### DATA RECORDS
════

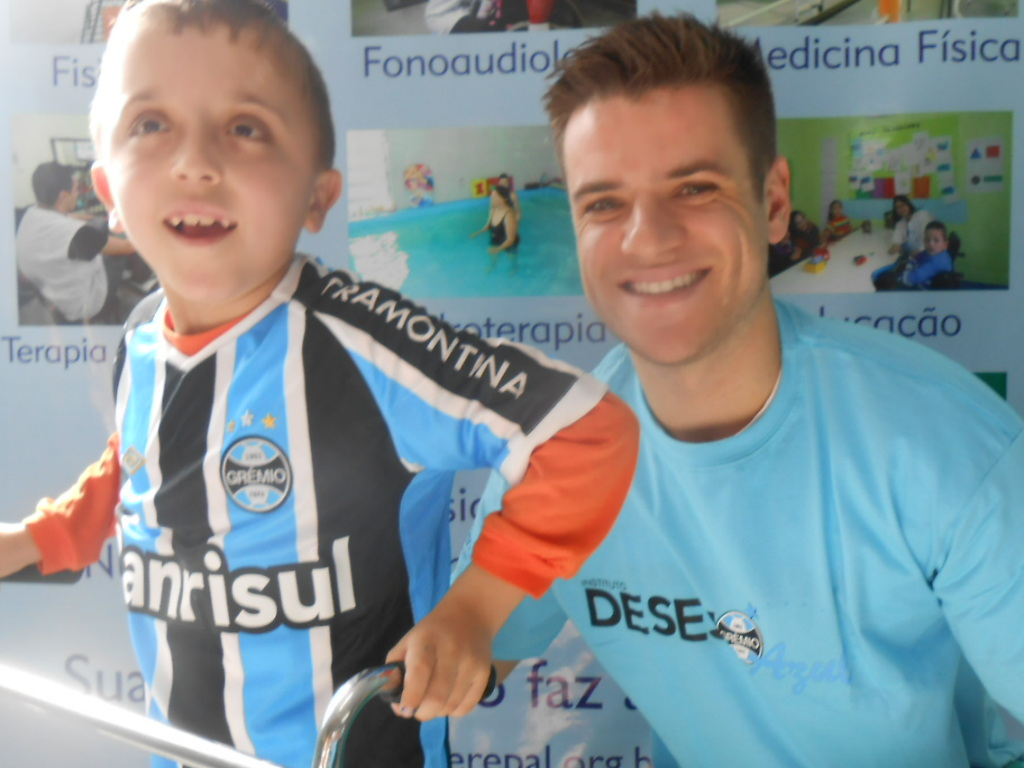 Lucas faz tratamento na CEREPAL. E o convidado especial desta ação foi o craque Ramiro que além de entregar a camiseta do Grêmio ao menino fez a alegria de todos os alunos desta instituição. A ação contou também com a participação da voluntária Marcelle Peccin.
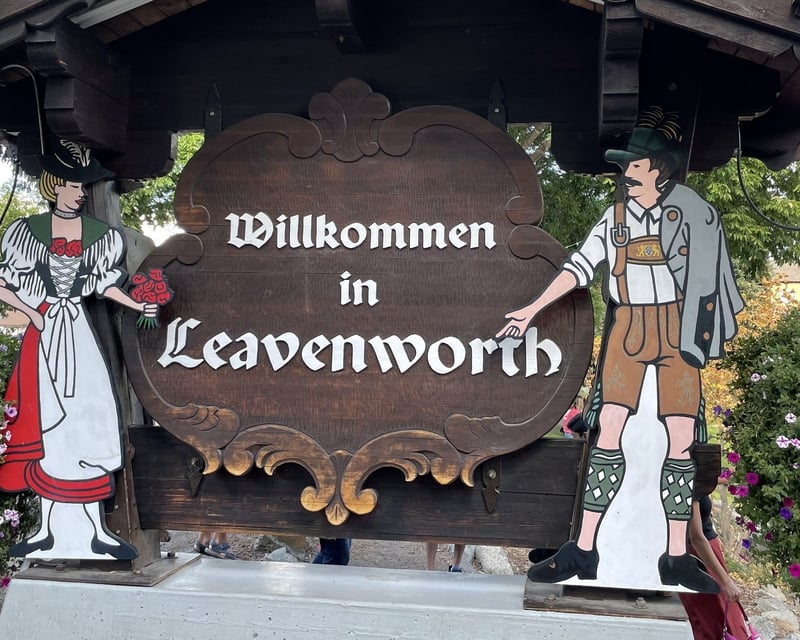 Leavenworth Christmas Lights Tour From Seattle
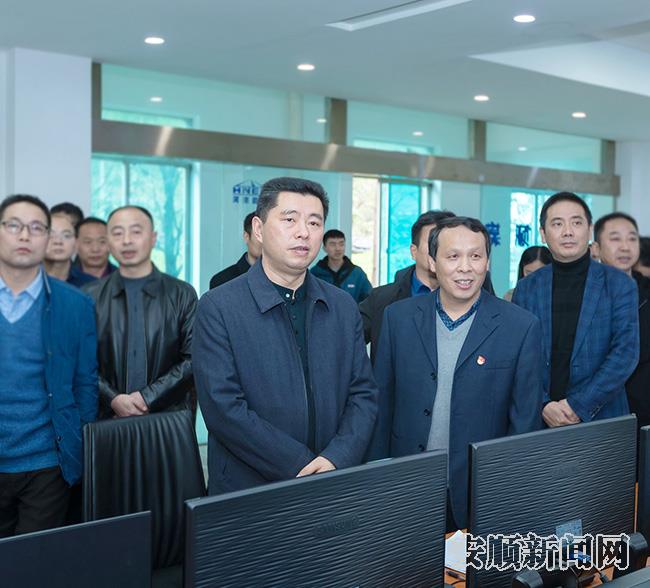 宋晓路在安顺煤矿详细调研了解企业井下安全作业情况、安全生产制度执行落实情况和煤矿企业发展中存在的困难和问题.jpg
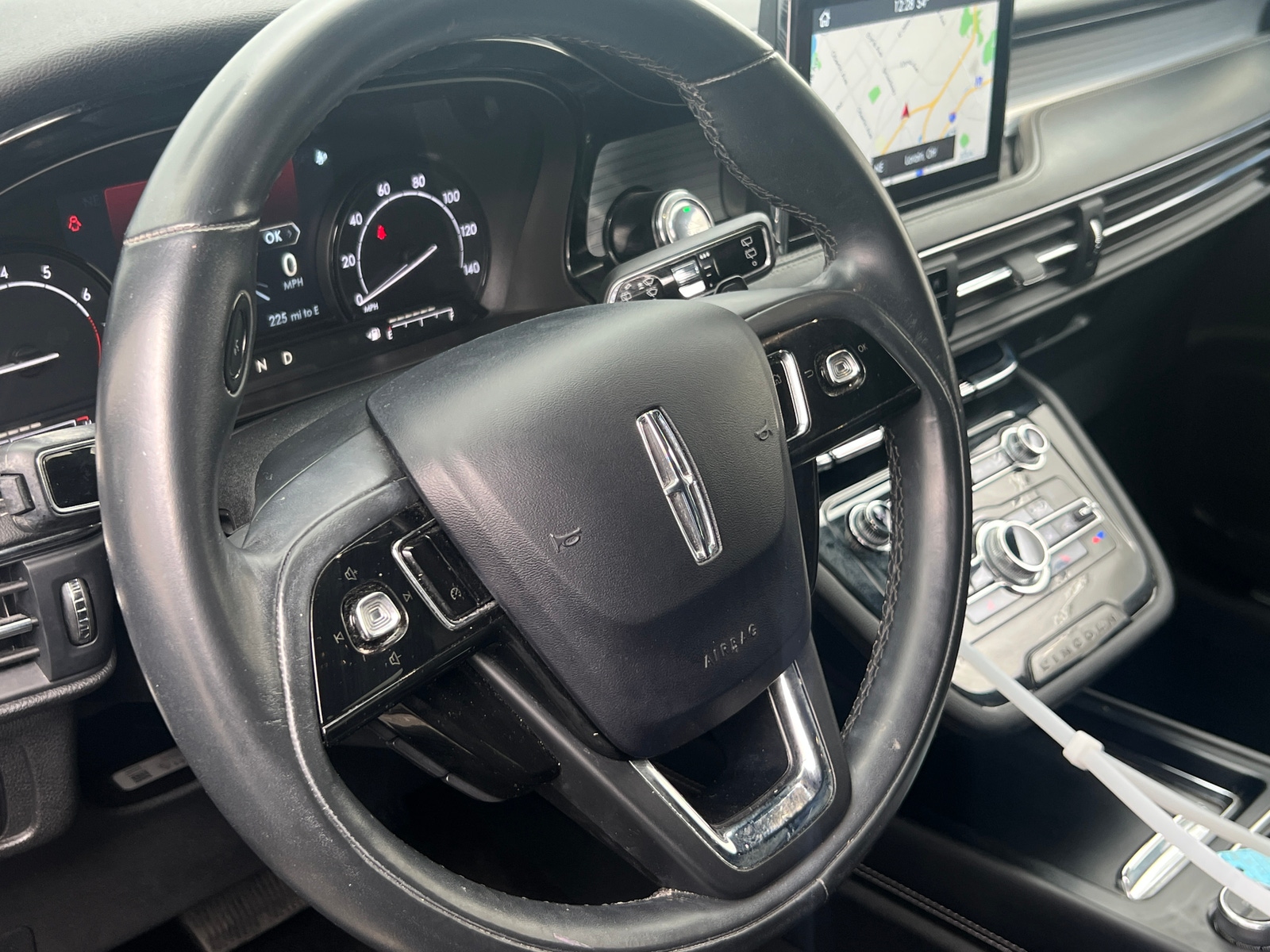 Thumbnail: 2020 Lincoln Corsair - 4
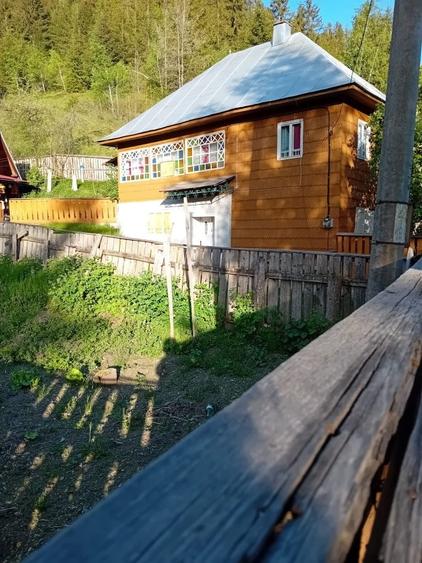 Casă cu 4 camere în Horea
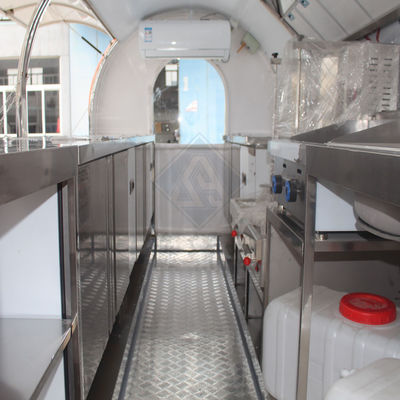 Outdoor Street Vending 450CM mobiele foodtruck met luifel en enkel/dubbele assen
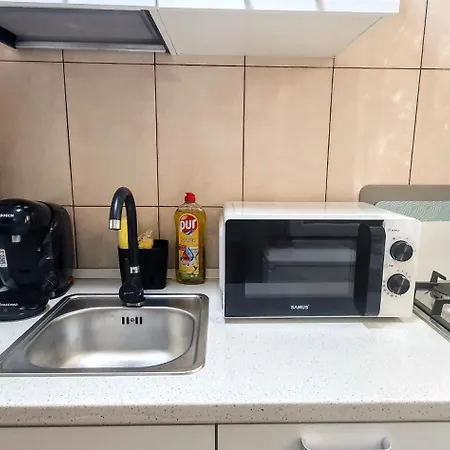 The Yellow King - Luxurious *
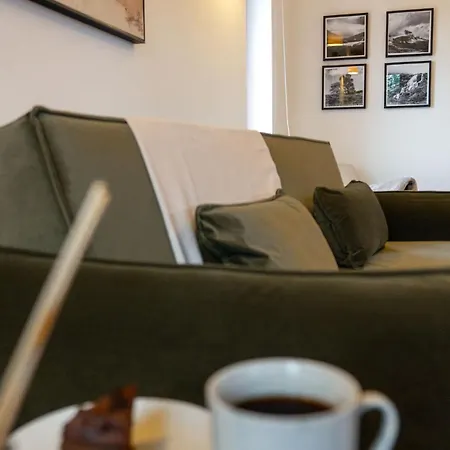 Botanic House - 3br - Private Parking Σπίτι διακοπών *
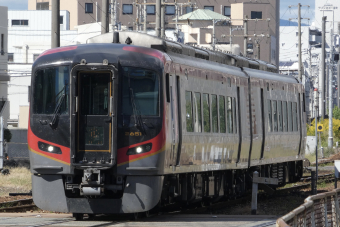 JR四国 2651 (2600系) 車両ガイド | レイルラボ(RailLab)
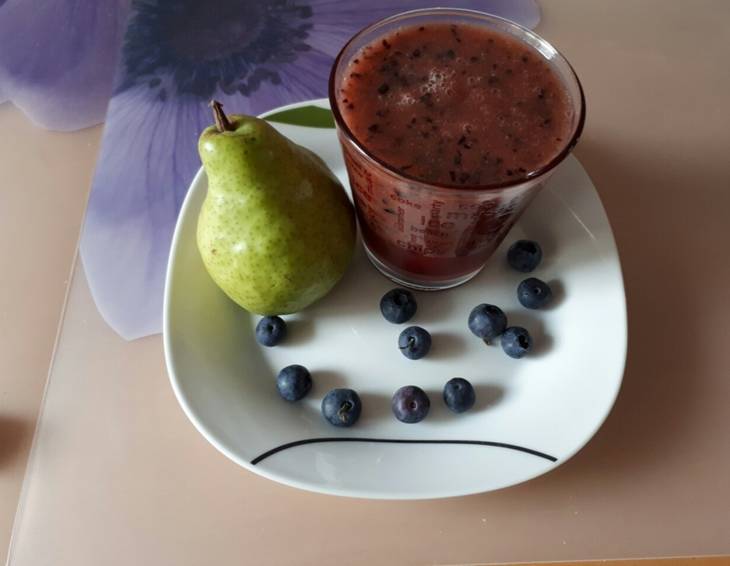 Smoothie mit Orange, Birne und Heidelbeeren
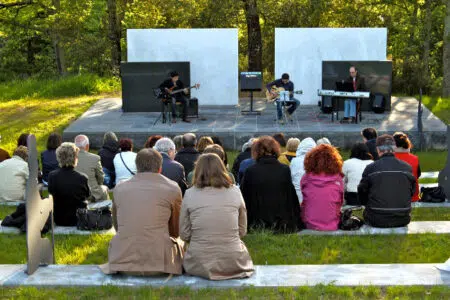 Tramonto al Parco Sculture del Chianti con musica e danze popolari dell’Italia meridionale e della penisola balcanica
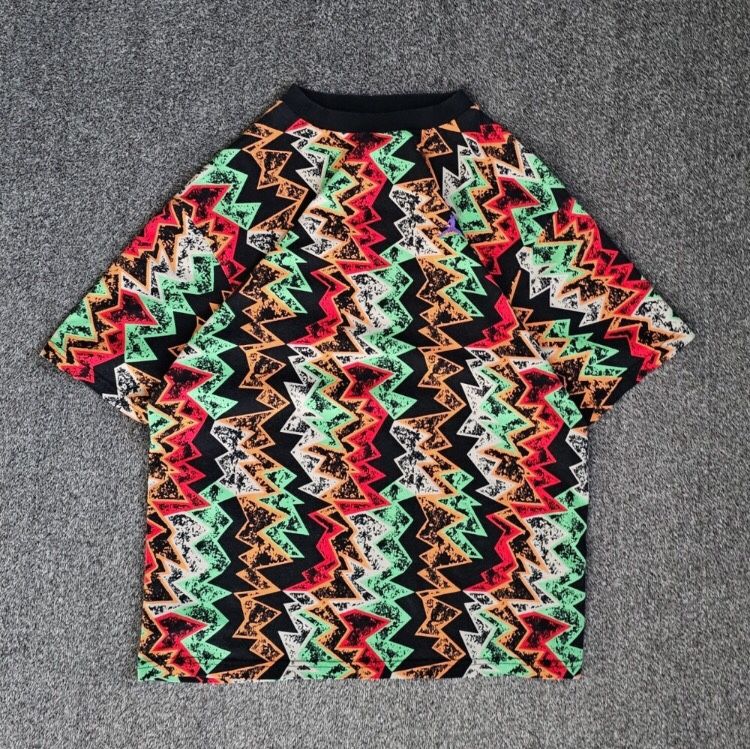 Jordan Men’s Retro M Hare Geometric All Over Print Tee Shirt Size Medium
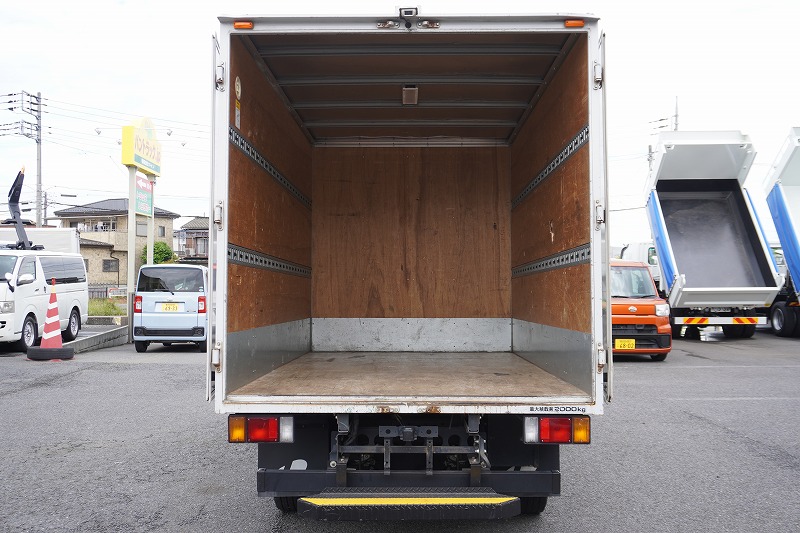 エルフ　１０尺　アルミバン　積載２０００ｋｇ　ラッシング２段　バックカメラ　社外ナビ　ＥＴＣ　全高２．８ｍ　導風板　９０度ストッパー　パブコ製　衝突軽減ブレーキ　車線逸脱警報　ＡＴ車！　車検「Ｒ８年２月まで！」16
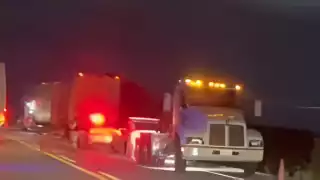 El accidente ocurrió alrededor de las 2:00 horas debido a un bache que hizo perder el control al conductor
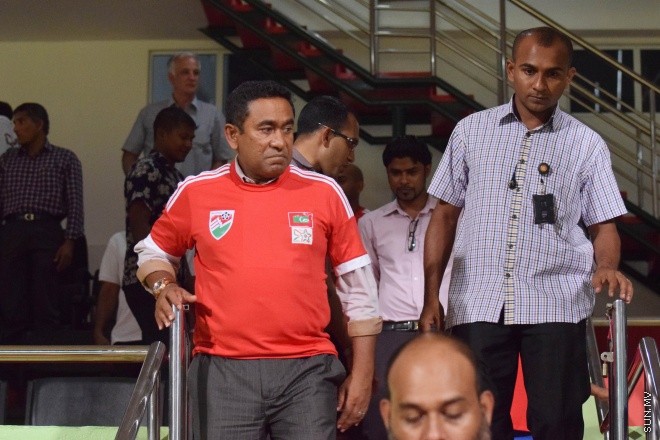 މާޗު 26، 2015: ބައިނަލްއަގްވާމީ ރަހުމަތްތެރިކަމުގެ ފުޓްބޯޅަ މެޗުގައި ދިވެހި ރާއްޖެ އާއި ތަޖަކިސްތާން ބައްދަލުކުރި މެޗުގެ ތެރެއިން &ndash; ސަން ފޮޓޯ/ފަޔާޒު މޫސާ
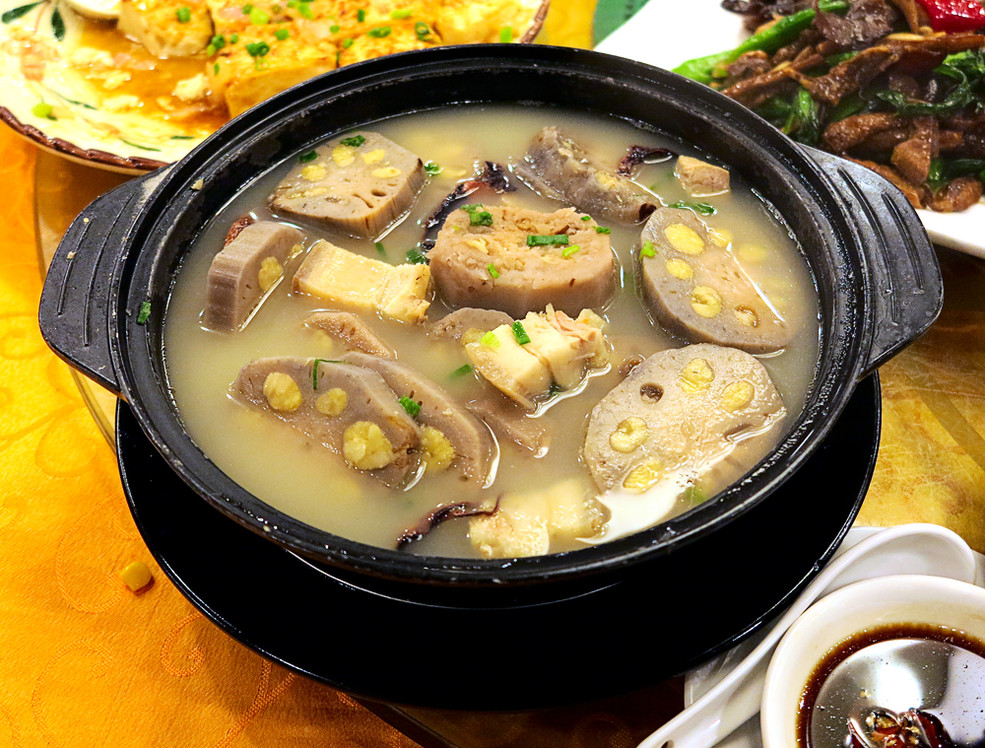 莲藕章鱼煲排骨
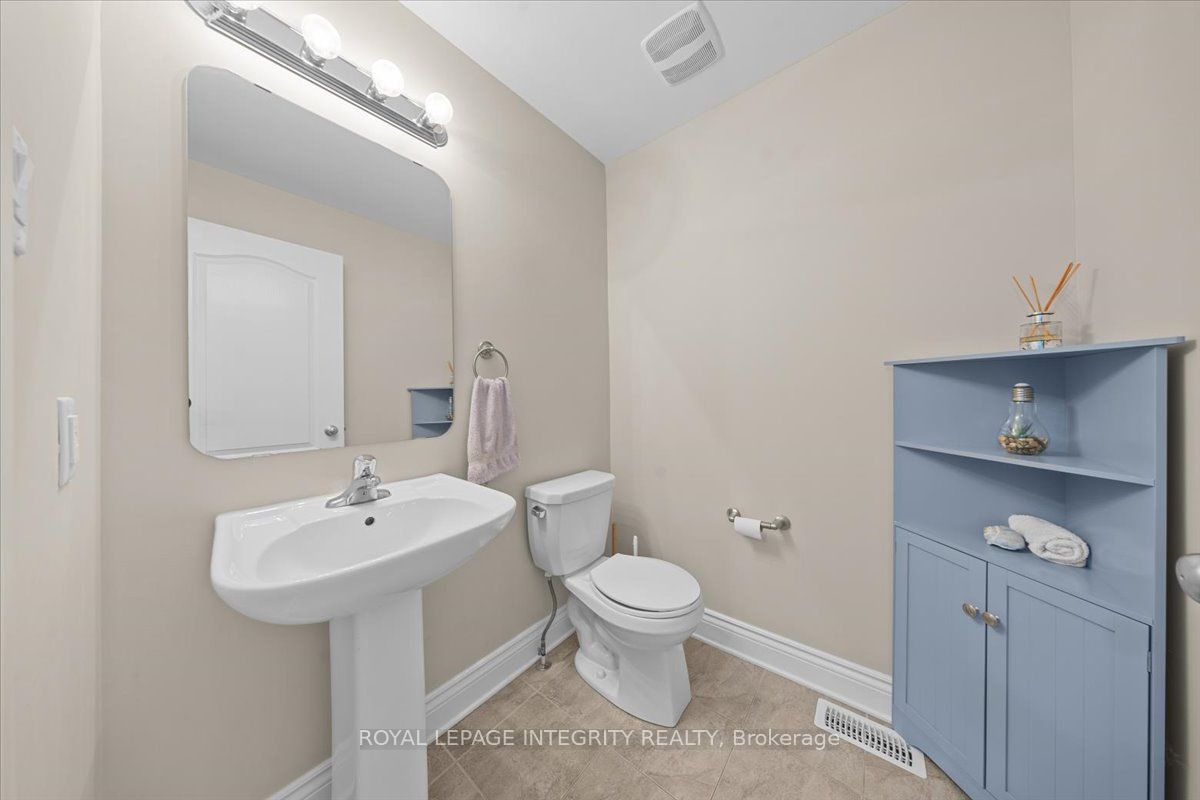2345 Marble Crescent Property Photo 16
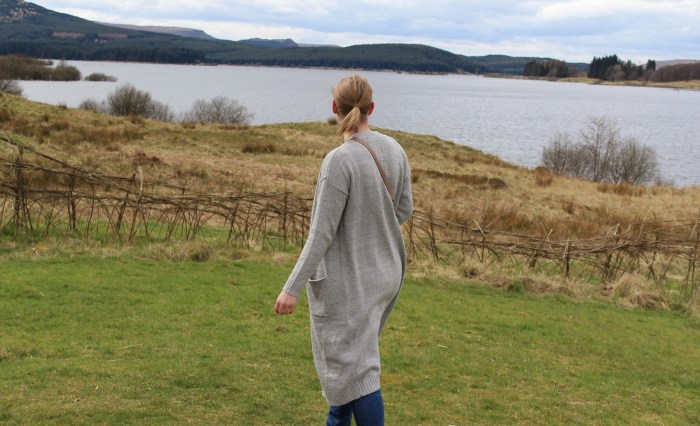 Carron-valley-reservoir-Scotland-jeans-outfit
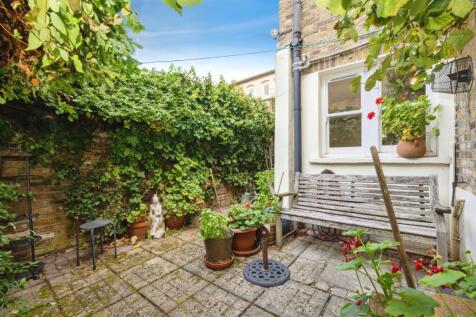 White Horse Lane, Stepney, London, E1 photo 4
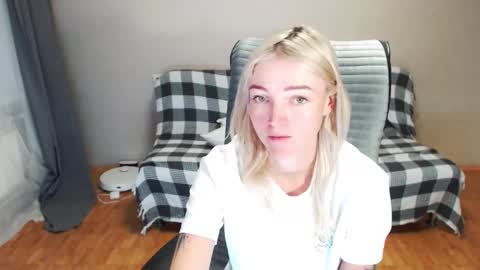 Polly online show from 11.16.25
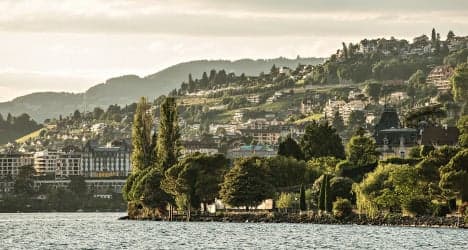 Montreux throws hat in Olympic rings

════

### ABOUT THIS TASK
Reproduce the listing verbatim, pictures excluded.

### RESULT FOR THIS TASK
 Lucas faz tratamento na CEREPAL. E o convidado especial desta ação foi o craque Ramiro que além de entregar a camiseta do Grêmio ao menino fez a alegria de todos os alunos desta instituição. A ação contou também com a participação da voluntária Marcelle Peccin.
 Leavenworth Christmas Lights Tour From Seattle
 宋晓路在安顺煤矿详细调研了解企业井下安全作业情况、安全生产制度执行落实情况和煤矿企业发展中存在的困难和问题.jpg
 Thumbnail: 2020 Lincoln Corsair - 4
 Casă cu 4 camere în Horea
 Outdoor Street Vending 450CM mobiele foodtruck met luifel en enkel/dubbele assen
 The Yellow King - Luxurious *
 Botanic House - 3br - Private Parking Σπίτι διακοπών *
 JR四国 2651 (2600系) 車両ガイド | レイルラボ(RailLab)
 Smoothie mit Orange, Birne und Heidelbeeren
 Tramonto al Parco Sculture del Chianti con musica e danze popolari dell’Italia meridionale e della penisola balcanica
 Jordan Men’s Retro M Hare Geometric All Over Print Tee Shirt Size Medium
 エルフ　１０尺　アルミバン　積載２０００ｋｇ　ラッシング２段　バックカメラ　社外ナビ　ＥＴＣ　全高２．８ｍ　導風板　９０度ストッパー　パブコ製　衝突軽減ブレーキ　車線逸脱警報　ＡＴ車！　車検「Ｒ８年２月まで！」16
 El accidente ocurrió alrededor de las 2:00 horas debido a un bache que hizo perder el control al conductor
 މާޗު 26، 2015: ބައިނަލްއަގްވާމީ ރަހުމަތްތެރިކަމުގެ ފުޓްބޯޅަ މެޗުގައި ދިވެހި ރާއްޖެ އާއި ތަޖަކިސްތާން ބައްދަލުކުރި މެޗުގެ ތެރެއިން &ndash; ސަން ފޮޓޯ/ފަޔާޒު މޫސާ
 莲藕章鱼煲排骨
2345 Marble Crescent Property Photo 16
 Carron-valley-reservoir-Scotland-jeans-outfit
 White Horse Lane, Stepney, London, E1 photo 4
 Polly online show from 11.16.25
 Montreux throws hat in Olympic rings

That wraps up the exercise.